(What is required)
Write out the data exactly from its first line onward, ending with the line in which "I'm going to pause" appears.

(Dataset entries)
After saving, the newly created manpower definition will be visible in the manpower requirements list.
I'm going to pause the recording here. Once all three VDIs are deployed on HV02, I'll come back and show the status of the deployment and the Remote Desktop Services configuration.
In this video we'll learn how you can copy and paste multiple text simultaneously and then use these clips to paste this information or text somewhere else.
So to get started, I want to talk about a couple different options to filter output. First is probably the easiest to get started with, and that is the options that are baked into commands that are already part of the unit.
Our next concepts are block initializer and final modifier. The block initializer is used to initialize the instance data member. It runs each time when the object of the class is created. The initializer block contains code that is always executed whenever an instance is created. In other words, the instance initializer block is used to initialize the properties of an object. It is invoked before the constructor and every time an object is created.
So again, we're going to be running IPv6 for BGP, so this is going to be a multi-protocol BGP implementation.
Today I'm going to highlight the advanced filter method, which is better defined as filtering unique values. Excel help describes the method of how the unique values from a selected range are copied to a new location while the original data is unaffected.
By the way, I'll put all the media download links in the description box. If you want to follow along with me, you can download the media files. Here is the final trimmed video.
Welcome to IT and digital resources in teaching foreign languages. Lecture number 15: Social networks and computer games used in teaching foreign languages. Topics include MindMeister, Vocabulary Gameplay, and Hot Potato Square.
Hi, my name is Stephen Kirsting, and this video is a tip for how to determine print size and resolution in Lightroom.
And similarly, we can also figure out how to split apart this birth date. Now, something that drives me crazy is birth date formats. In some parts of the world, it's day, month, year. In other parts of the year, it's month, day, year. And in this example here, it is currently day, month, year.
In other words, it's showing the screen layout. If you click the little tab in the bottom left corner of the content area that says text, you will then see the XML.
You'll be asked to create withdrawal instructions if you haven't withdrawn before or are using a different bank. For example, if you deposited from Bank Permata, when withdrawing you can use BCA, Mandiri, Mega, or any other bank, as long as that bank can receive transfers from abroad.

(Result of the exercise)
After saving, the newly created manpower definition will be visible in the manpower requirements list.
I'm going to pause the recording here. Once all three VDIs are deployed on HV02, I'll come back and show the status of the deployment and the Remote Desktop Services configuration.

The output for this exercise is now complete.